On Tue, Oct 15, 2002 at 05:17:24PM +0200, Maciej W. Rozycki wrote:
> On Mon, 7 Oct 2002, Kevin D. Kissell wrote:
> 
> > That's probably going to be a more reliable design,
> > though I would still consider leaving the TLB refill handler
> > untouched and counting on the fact that k1 must contain
> > a non-lethal EntryLo value on return from the exception.
> 
>  Well, there is a "nop" just before the "eret" in all R4k-style TLB
> exception handlers.  I see no problem to use the slot for explicit
> clobbering of k0 or k1 with a single instruction like "li" or "lui". 

Now that you say it it's pretty obvious...

Thanks,
Johannes

^ permalink raw reply	[flat|nested] 25+ messages in thread

* Re: Once again: test_and_set for CPUs w/o LL/SC
  2002-10-15 15:36       ` Maciej W. Rozycki
@ 2002-10-15 17:21         ` Johannes Stezenbach
  2002-10-16 12:20           ` Maciej W. Rozycki
  2002-10-16 18:11         ` Johannes Stezenbach
  1 sibling, 1 reply; 25+ messages in thread
From: Johannes Stezenbach @ 2002-10-15 17:21 UTC (permalink / raw)
  To: Maciej W. Rozycki; +Cc: Kevin D. Kissell, linux-mips

On Tue, Oct 15, 2002 at 05:36:29PM +0200, Maciej W. Rozycki wrote:
> On Mon, 7 Oct 2002, Johannes Stezenbach wrote:
> 
> > The question is how the glibc can detect if
> > a) the CPU does not have LL/SC
> > b) the kernel guarantees k1 != MAGIC
> 
>  Well, since the relevant code will mostly be inlined, you don't really
> need either as you can't select an alternative anyway.  The relevant
> variant will be selected at the build time as it's already being done for
> the ll/sc and sysmips() variants.  You may consider marking binaries as
> using your approach so that the kernel refuses to run them if unsupported,
> but for MIPS it isn't performed for any functionality so far, so you'd
> have to study how other ports do that and which way is most suitable. 

Well, in the (experimental) glibc-patch I posted here on
Fri, 19 Jul 2002 14:38:29 +0200 (Subject: LL/SC benchmarking),
I had some code that lets one chose the implementation
(sysmips vs.

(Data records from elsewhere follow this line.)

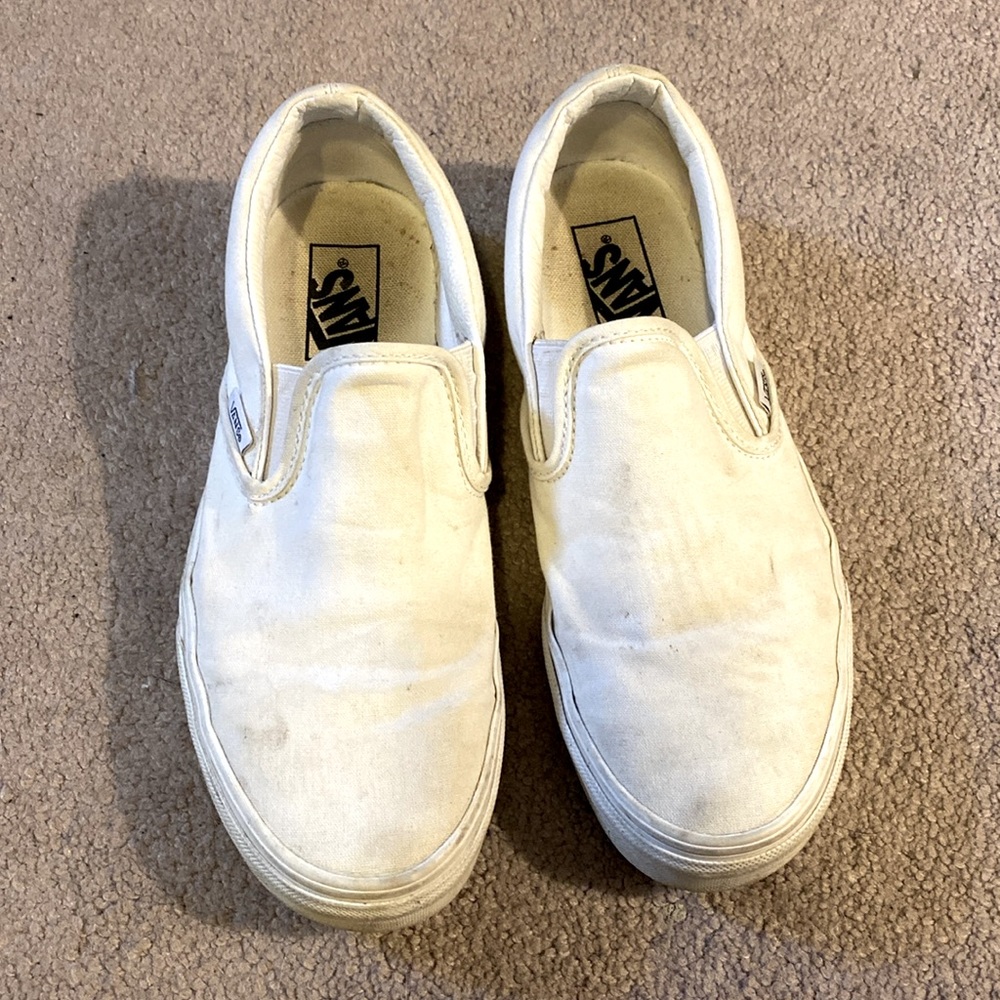 White Slip-on Classic Vans Men’s 8 Women’s 9.5
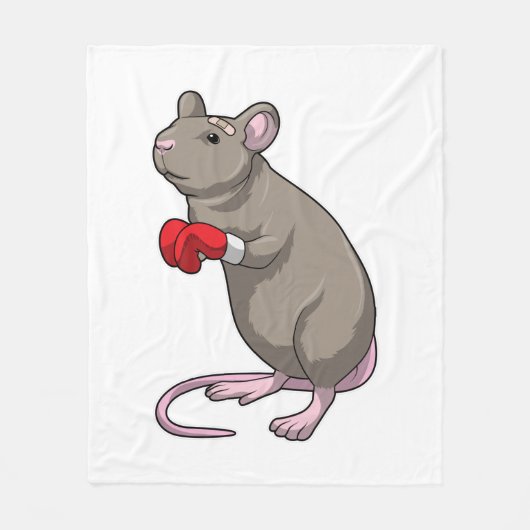 Mouse at Boxing with Boxing gloves フリースブランケット (正面)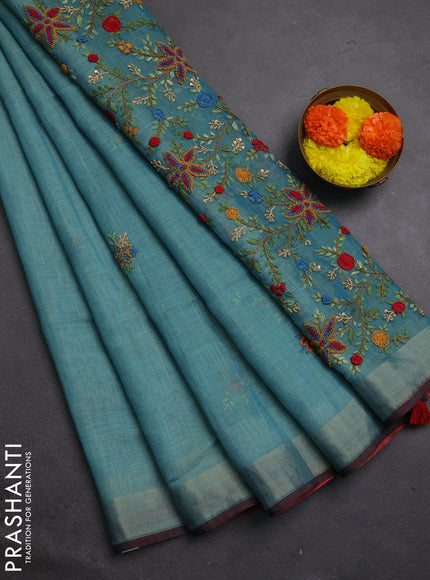 Linen cotton saree teal blue with embroidery buttas and embroidery pallu
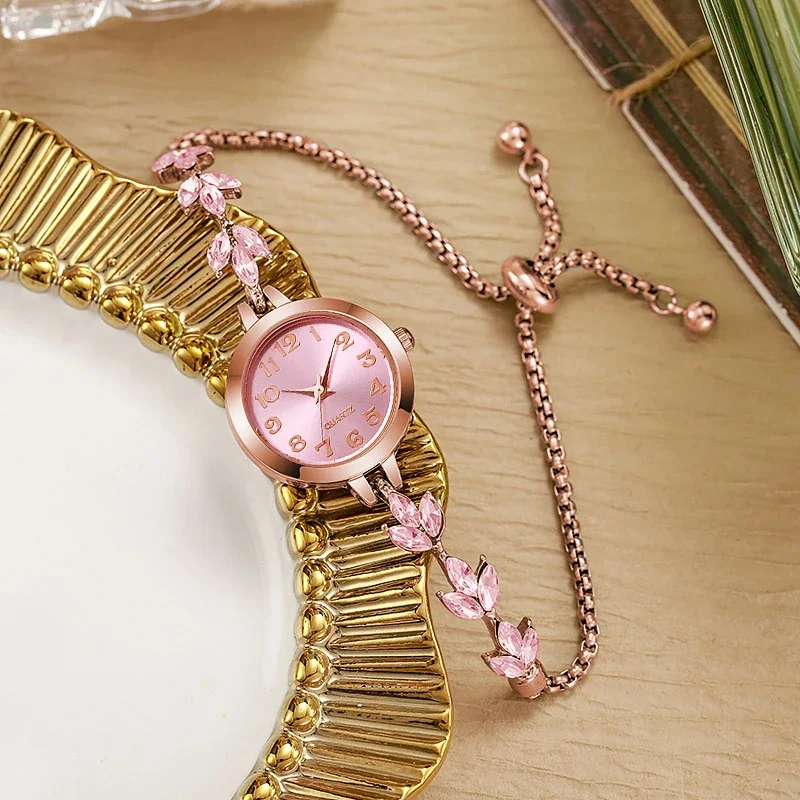 Elegant Ladies Thin Bangle Watch, Marquise Pink Zircon Leaf Decor Rose Gold Quartz Wristwatch for Daily Dating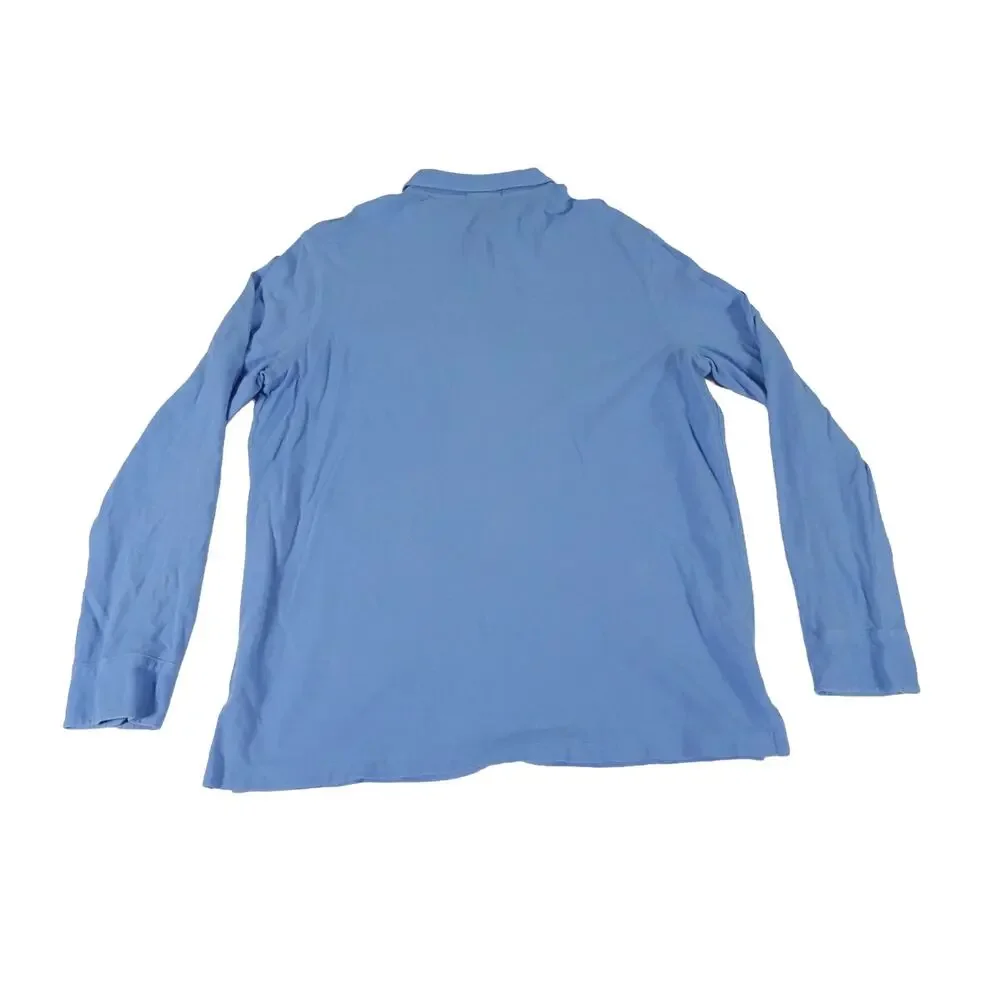 Ralph Lauren Featherweight Mesh Long Sleeve Blue Polo Shirt Men's Large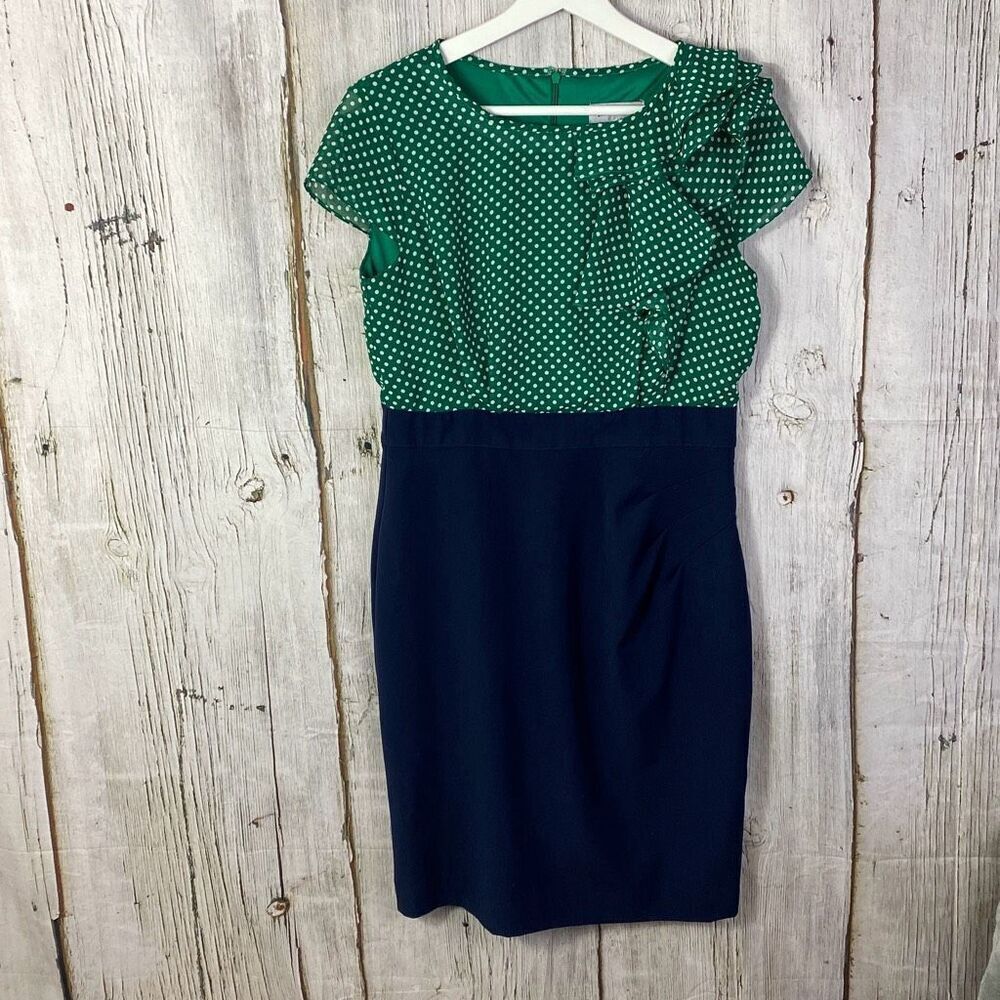Shelby & Palmer Women's Vintage Polka Dot Retro Dress Size 6 Green Chiffon Navy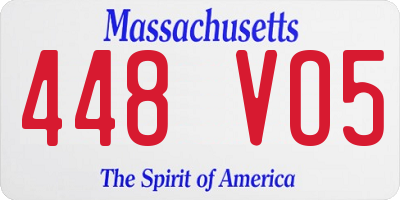 MA license plate 448VO5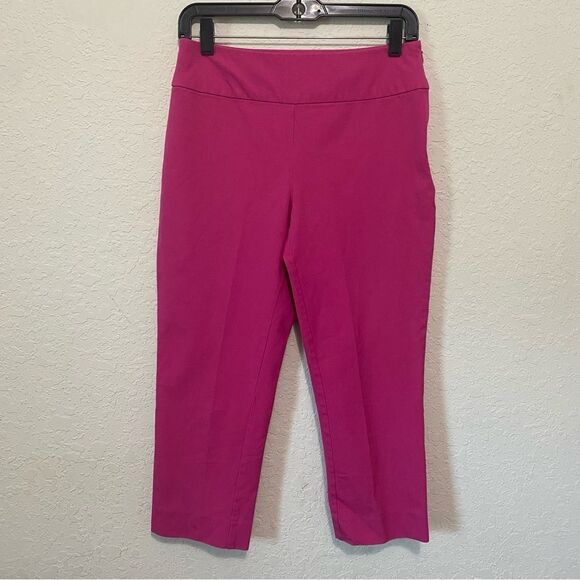 Boston Proper Fuchsia Pink Capri's Side Zip Stretch Size 6 - Picture 1 of 8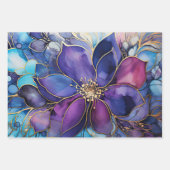Elegant Stained Glass Purple & Blue Floral Inpakpapier Vel (Voorkant 2)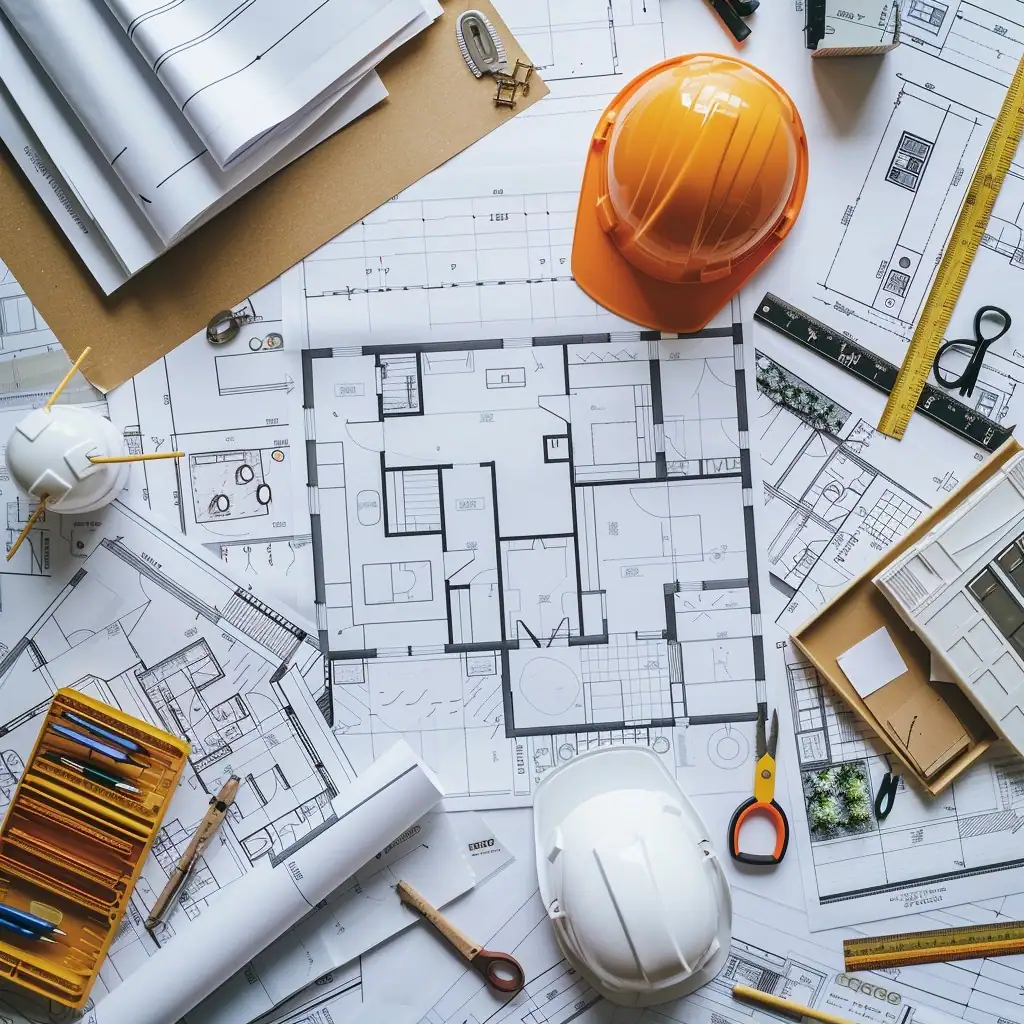 Top view of a well-organized workspace containing rolled and flat architectural blueprints, two safety helmets, measuring tools, and other construction tools spread out on a table, indicating an active architectural and engineering planning process.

LL/SC vs. beql_k1) at run-time, based on the
existence of some "signaling" files. This was used for benchmarking.

The ability to choose the implementation at run time sacrifices
inlining, but has obvious performance benefits for the VR41XX-like
platforms. It's also not a special MIPS thing,
e.g. linuxthreads/sysdeps/<platform>/pt-machine.h has the
HAS_COMPARE_AND_SWAP / TEST_FOR_COMPARE_AND_SWAP hooks,
used by e.g. i386.

But all that is of interest only, if VR41XX-like platforms
would use a glibc from a binary distribution like RedHat or
Debian (I use Debian for development, but have a custom
compiled glibc for production use).
But it seems that this isn't the case?

> > I also want to know if there's public interest to get such
> > a change in the kernel. If yes, I will try to get a matching
> > patch into glibc. If no, I will just post the current patch I
> > use to the list for the hackers to pick up.
> 
>  Well, the kernel changes should be trivial, with no performance impact if
> written carefully, so they might get included even if only a few people
> are interested.  Send a proposal.

Yes, the kernel changes are not difficult. The difficulty was
to find out the minimal necessary changes.


Regards,
Johannes

^ permalink raw reply	[flat|nested] 25+ messages in thread

* Re: Once again: test_and_set for CPUs w/o LL/SC
  2002-10-07 18:51       ` Daniel Jacobowitz
@ 2002-10-15 17:52         ` Johannes Stezenbach
  0 siblings, 0 replies; 25+ messages in thread
From: Johannes Stezenbach @ 2002-10-15 17:52 UTC (permalink / raw)
  To: Daniel Jacobowitz; +Cc: Kevin D. Kissell, linux-mips

On Mon, Oct 07, 2002 at 02:51:36PM -0400, Daniel Jacobowitz wrote:
> On Mon, Oct 07, 2002 at 08:43:44PM +0200, Johannes Stezenbach wrote:
> > The question is how the glibc can detect if
> > a) the CPU does not have LL/SC
> > b) the kernel guarantees k1 != MAGIC
> 
> You should be using an "aux vector"; see how PowerPC provides current
> glibc with the size of a cache line.

It took me a while to figure out how aux vectors work.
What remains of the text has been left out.